A baseball is pitched horizontally toward home plate with a velocity of 110 km/h. In which of the following scenarios does the baseball have the largest change in momentum?

(a) The catcher catches the ball.

(b) The ball is popped straight up at a speed of 110 km/h.

(c) The baseball is hit straight back to the pitcher at a speed of 110 km/h.

(d) Scenarios (a) and (b) have the same change in momentum.

(e) Scenarios (a), (b), and (c) have the same change in momentum.

The change in momentum of the baseball can be obtained by the difference between the initial and final momentum.

The baseball's momentum is the product of the mass of the baseball and its velocity.This change in momentum of the baseball will help to evaluate the force acting on the baseball.

When the catcher catches the baseball, the momentum of the baseball becomes zero. So, the change in momentum will be equal to the initial momentum by which the ball is projected toward the catcher initially.

It is given that the speed of the baseball during pop up is\({v_{\rm{x}}} = {v_{\rm{y}}} = 110{\rm{ km/h}}\).

The x-component of the momentum can be calculated as:

\({p_{\rm{x}}} = m{v_{\rm{x}}}\)

The y-component of the momentum can be calculated as:

\({p_{\rm{y}}} = m{v_{\rm{y}}}\)

The resultant momentum when the ball is popped straight up is:

\(\begin{aligned}{c}p = \sqrt {p_{\rm{x}}^{\rm{2}} + p_{\rm{y}}^{\rm{2}}} \\ = \sqrt {{{\left( {m{v_{\rm{x}}}} \right)}^2} + {{\left( {m{v_{\rm{y}}}} \right)}^2}} \\ = m\sqrt {v_{\rm{x}}^{\rm{2}} + v_{\rm{y}}^{\rm{2}}} \end{aligned}\)

Substitute the value\({v_{\rm{x}}} = {v_{\rm{y}}}\)in the above equation.

\(\begin{aligned}{c}p = m\sqrt {v_{\rm{x}}^{\rm{2}} + v_{\rm{x}}^{\rm{2}}} \\p = \sqrt 2 m\sqrt {v_{\rm{x}}^{\rm{2}}} \\ = \sqrt 2 m{v_{\rm{x}}}\end{aligned}\)

This can be expressed as:

\(\begin{aligned}{c}p = \sqrt 2 {p_{\rm{x}}}\\ = \sqrt 2 {p_{\rm{y}}}\end{aligned}\)

The change in momentum is equal to the resultant momentum, whose value is the product of the square root of two and the initial momentum.
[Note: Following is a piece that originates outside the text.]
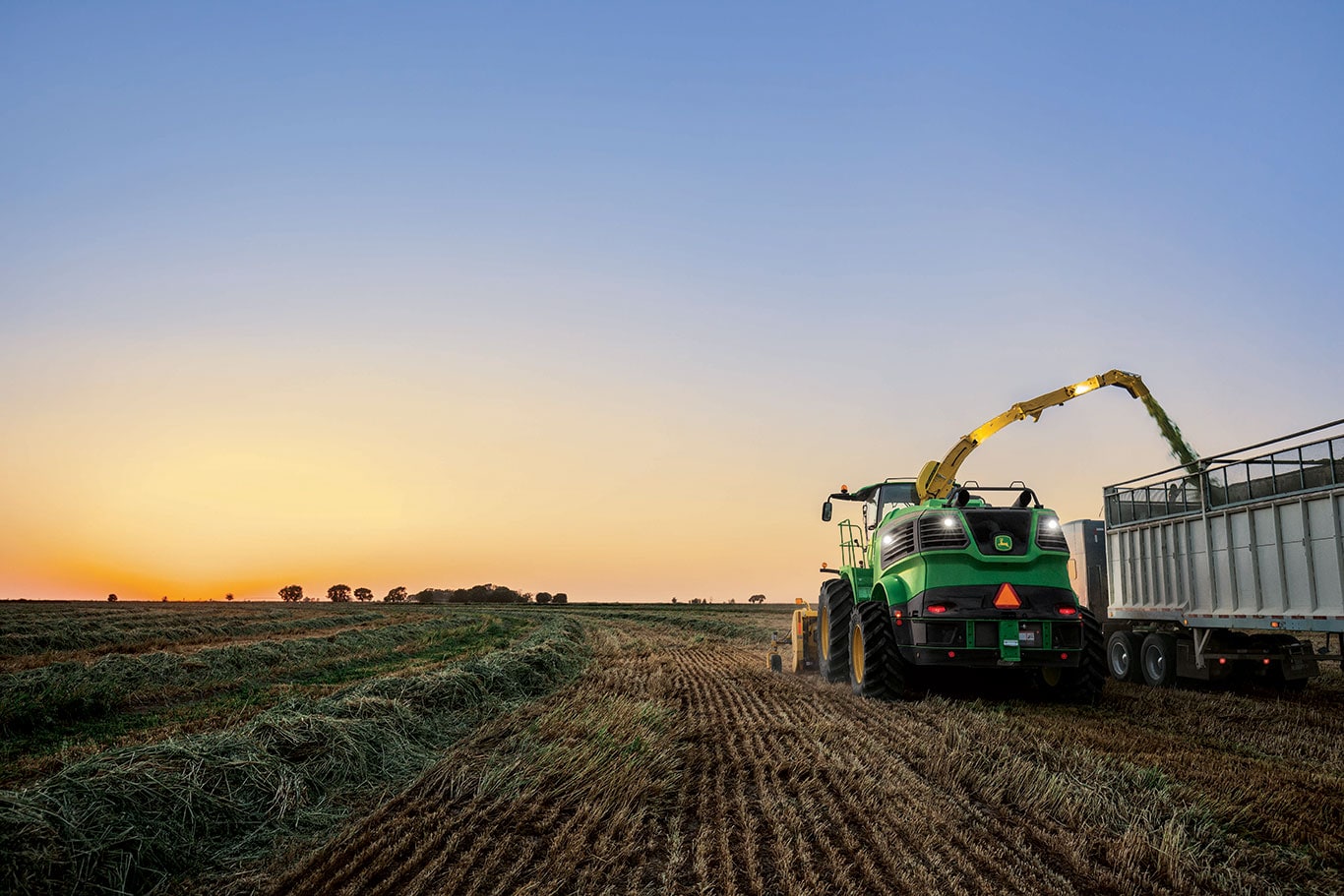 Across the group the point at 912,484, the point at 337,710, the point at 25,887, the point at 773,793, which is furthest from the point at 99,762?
the point at 912,484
The baseball rebounds in the opposite direction, having the same magnitude of momentum as initial momentum when it hits the pitcher.

The change in momentum can be calculated as:

\(p = m\left( {{v_{\rm{f}}} - {v_{\rm{i}}}} \right)\)
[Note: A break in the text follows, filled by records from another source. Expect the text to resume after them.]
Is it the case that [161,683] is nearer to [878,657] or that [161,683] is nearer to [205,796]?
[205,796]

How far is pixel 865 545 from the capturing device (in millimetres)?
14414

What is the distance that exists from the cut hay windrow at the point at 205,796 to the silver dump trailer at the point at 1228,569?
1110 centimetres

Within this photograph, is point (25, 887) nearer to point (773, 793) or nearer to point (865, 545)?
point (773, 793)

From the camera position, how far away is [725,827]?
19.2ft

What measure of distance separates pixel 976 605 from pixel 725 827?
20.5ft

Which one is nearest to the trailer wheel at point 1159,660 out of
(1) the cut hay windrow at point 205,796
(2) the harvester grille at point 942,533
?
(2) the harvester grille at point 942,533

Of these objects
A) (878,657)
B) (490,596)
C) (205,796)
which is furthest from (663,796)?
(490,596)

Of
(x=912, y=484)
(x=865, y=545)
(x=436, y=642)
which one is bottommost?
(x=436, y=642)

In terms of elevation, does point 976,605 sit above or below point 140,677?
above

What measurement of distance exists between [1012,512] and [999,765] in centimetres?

Here,\({v_{\rm{f}}}\)is the final velocity of the baseball, which is equal to\(\left( { - {v_{\rm{i}}}} \right)\),\({v_{\rm{i}}}\)is the initial velocity of the baseball, and m is the mass of the baseball.

Substitute the values in the above equation.

\(\begin{aligned}{c}p = m\left( { - {v_{\rm{i}}} - {v_{\rm{i}}}} \right)\\ = - 2m{v_{\rm{i}}}\end{aligned}\)

Here, negative sign indicates the direction for change in momentum.

An impulse force exerted by the baseball is twice the initial momentum of the baseball when it hits the pitcher. So, the magnitude of change in momentum is the largest when the baseball hits straight back to the pitcher.

Thus, option (c) is correct.